Justin Rose on thicker rough

Players have already felt the practical impact of the rough increase at ground level, with balls “disappearing in multiple areas. ” Justin Rose said he had heard the rough was “4 1/2 inches, ” framing it as a conscious choice to go “a tiny bit longer” this year. Rose tied the change directly to strategy: the course remains “first and foremost” about getting the ball in the fairway, but the longer rough can raise the penalty when that first job is missed.

For max homa and the rest of the field, that framing matters because it points to a subtle but significant shift: strategy may not change on paper, but outcomes can. The figures point to a more binary week—either play from the fairway with options into firm greens, or accept that thicker rough can remove spin, control, and confidence even before a player reaches the putting surface.

Yet Andrews’ comments also indicate the setup is not a one-note attempt to punish. His description of targeting “championship-caliber” conditions every year suggests the current playing bite is as much the product of timing and weather cooperation as it is an intentional escalation. That distinction is important for understanding the next variable: how quickly conditions could pivot if the forecasted cooler weather and rain arrive.

12th hole and the 220-person crew

No hole better captures how these agronomic decisions can ripple into scoring than the short par-4 12th at TPC Sawgrass. Listed at 365 yards, it can also be shortened dramatically through an array of tee boxes, with tournament officials able to set it as short as 270 yards. The risk-reward equation is defined by water lining the raised green along the entire left side, while dense trees protect the right side parallel to the putting surface.

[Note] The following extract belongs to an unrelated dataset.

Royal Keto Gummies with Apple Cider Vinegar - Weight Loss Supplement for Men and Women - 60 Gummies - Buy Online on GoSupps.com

Historically, the hole has often functioned as a conventional two-shot par 4, with players choosing less than driver and laying up short of the trees on the right to leave a short pitch. The article notes that Pete Dye held a firm stance against the drivable par-4 concept, and that Sawgrass’ 12th originally reflected that preference with mogul-style bunkers guarding against overly ambitious tee shots. A later overhaul in 2011, when Steve Wenzloff was brought in, shifted the hole into its current role as a reachable option, changing how often players consider taking on the green from the tee.

Behind the scenes, the labor to present that decision point at championship standards is being carried by a 220-person agronomy team of full-time staff and volunteers. Industry vendors are also supporting the crew with catered meals, a swag bag, guest speakers, and a golf simulator intended to make an intense week more manageable. John Deere’s Chase Tew described shadowing the crew and seeing “the decision-making it takes to execute their plan, ” including workers “walking with buckets, filling every divot. ”

The most immediate operational question is weather. Cooler conditions and rain are expected on Thursday, a forecast that could soften the “firm to start the week” setup described by Scheffler and alter how aggressively players attack the 12th, where firmness can increase both opportunity and danger around a raised green bordered by water. If Thursday’s expected rain holds, the data suggests the course could play less bouncy and slightly more receptive, but the longer rough would still keep fairways at the center of the week’s scoring equation.